Our computer has just helped make the case for what appears below. This entry originally was written in a cursive type face. But when the words were transferred to Word Press for posting, the computer threw a bucket of 21st-Century cold water on the Twentieth Century author and issued a Borg-like warning that all resistance is futile (Star Trek fans will understand). Feel free to transcribe it in longhand to appreciate the original intent.
How sad that we have reached a point where a machine keeps you from reading what you have written as it was written. However—-
Some school districts no longer teach cursive handwriting, what some call longhand. The means of creating the Declaration of Independence, the Emancipation Proclamation, letters home from the battlefront, and thousands of our greatest and/or most popular books has been dismissed by the Common Core Standards. Missouri is one of 42 states to adopt Common Core although it was done only with a certain amount of legislative thrashing around that led to formation of a committee to recommend our own standards which turned out to be pretty much Common Core.
Killing cursive was the idea of the National Governors Association (have you tried to read the signatures of our governors or other high officials; they’re hardly good examples of cursive?) and the Council of Chief State School Officers. States can, if they wish, put the teaching of cursive back into their schools.
But don’t make Common Core any more of a whipping boy than necessary. Cursive fell out of favor with the enactment of No Child Left Behind, which did not include it on tests that led to rating of schools under NCLB. And if it’s not something that’s being assessed so schools can be rated on their quality of teaching, why teach it?
Life experiences have taught most of us that a lot of life is made up of things that were learned but not assessed in school. We’ve talked to some teachers who worry that their schools are so obsessed with assessments that teaching and learning are diminished.
Why is this system of writing that most of us practice with varying degrees of legibility so suddenly so, so—Twentieth Century? Well, say critics, cursive just takes too darn much time. And as students move through their education and into the workplace, cursive handwriting isn’t as useful a skill as using a keyboard.
Why, heck, it’s not going to be very long at this rate before a replacement for Common Core rates schools on how well their students use their thumbs. The rest of the hand is reserved for Olympic sports or musical instruments.

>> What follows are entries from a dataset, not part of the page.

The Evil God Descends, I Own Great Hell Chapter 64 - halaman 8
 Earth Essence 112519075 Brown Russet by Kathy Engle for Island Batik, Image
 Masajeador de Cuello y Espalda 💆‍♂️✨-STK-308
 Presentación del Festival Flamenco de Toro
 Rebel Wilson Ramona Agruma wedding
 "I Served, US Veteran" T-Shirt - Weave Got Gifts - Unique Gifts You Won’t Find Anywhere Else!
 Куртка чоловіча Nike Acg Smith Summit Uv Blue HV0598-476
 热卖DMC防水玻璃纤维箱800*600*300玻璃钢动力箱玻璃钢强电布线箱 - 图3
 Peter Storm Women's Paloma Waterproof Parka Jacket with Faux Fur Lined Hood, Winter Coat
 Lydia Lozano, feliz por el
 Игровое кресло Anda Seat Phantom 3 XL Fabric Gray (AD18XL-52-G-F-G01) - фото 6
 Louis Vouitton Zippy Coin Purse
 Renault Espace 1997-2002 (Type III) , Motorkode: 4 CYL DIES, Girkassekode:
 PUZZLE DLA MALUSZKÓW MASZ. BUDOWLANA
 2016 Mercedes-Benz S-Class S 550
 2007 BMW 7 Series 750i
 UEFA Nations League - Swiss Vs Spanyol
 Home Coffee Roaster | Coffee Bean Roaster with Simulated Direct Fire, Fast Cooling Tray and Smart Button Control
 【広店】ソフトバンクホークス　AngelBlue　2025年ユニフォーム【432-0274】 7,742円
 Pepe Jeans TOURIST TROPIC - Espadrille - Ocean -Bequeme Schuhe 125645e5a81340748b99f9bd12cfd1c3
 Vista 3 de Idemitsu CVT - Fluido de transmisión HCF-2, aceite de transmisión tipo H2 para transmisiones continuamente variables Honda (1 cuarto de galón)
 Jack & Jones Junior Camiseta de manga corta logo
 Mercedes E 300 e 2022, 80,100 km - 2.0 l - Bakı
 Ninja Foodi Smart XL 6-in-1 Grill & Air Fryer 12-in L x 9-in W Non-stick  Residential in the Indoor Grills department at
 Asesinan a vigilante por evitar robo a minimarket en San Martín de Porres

Some people believe cursive writing hones motor skills in children. Some think it encourages gracefulness in an otherwise decreasingly graceful world. We saw a story that ran on ABC News quoting an associate professor at the University of Staganger Reading Centre (it’s in Norway) who doesn’t dismiss typewriting but who says, “Handwriting seems, based on empirical evidence from neuroscience, to play a larger role in the visual recognition and learning of letters.” Translated, said ABC, “Those who learn to write by hand learn better.”
Some researchers suggest that the fastest handwriting involves the use of a mix of cursive and printed letters. One researcher thinks people writing by hand can gain speed that way without losing legibility.
Cursive writing has all but disappeared in the legislative chambers of the Missouri Capitol. It is so rare as to invite comment when a lawmaker submits a handwritten amendment to be considered in debate. Hours of time are wasted each year while the chambers “stand at ease” so someone with a suddenly brilliant idea can consult with a staff member sitting at a computer who knows how to put together a string of words on a keyboard. Some observers link a perceived decline in the intellectual capacity of our lawmakers to the decline in the use of pen and paper and handwritten amendments. We are taking an official neutral position for now.
There are plenty of articles on the pros and cons of cursive writing. But we’ve come up with our own ideas of why teaching cursive writing remains important. It’s simple.
If you can’t write it, you can’t read it. And not everything written is on a web page somewhere. Sometimes you have to be able to read the original document. Maybe it’s grandfather’s letter from Vietnam to his girl at home. Maybe it’s the middle pages of the old family Bible where your family records have been kept for generations. Maybe it’s the original survey of your property. It could be anything and it could be highly meaningful.
There is something about seeing the original final version of the Declaration of Independence and the final engrossed copy of the Constitution at the National Archives in Washington. Something about those handwritten words says something about the human striving that went into the creation of those documents. Your observer has yet to see a thumb-written message that indicates any striving, and precious little thought, has gone into the expression of something. Your observer has not yet seen anything noble written by thumbs.
Yes, these meanderings are written on a keyboard. But at least, all ten fingers are used.
Not all handwritten things are easily read. Many years ago, a friend sent a prominent Missouri lawyer a letter that told him, “Send me something I can read.” Your faithful scribe has been working for a couple of weeks transcribing an 1846 lawsuit challenging the ownership of the land on which Jefferson City stands. Some of the writing displays the elegance of a learned hand of the 18th and 19th century. But there have been times when it has taken fifteen minutes to figure out one word. And in typing the transcript of the documents, there are several blanks where the scrawl is so bad that we just ran up a white flag.
We fear the day that a new foreign language will be added to the list of college courses: Cursive 101. Advanced Cursive. Honors Cursive. Practical Cursive. Maybe colleges of education will offer a course such as Teaching Cursive 256. It would be an elective.
Wonder what the final exam would be like.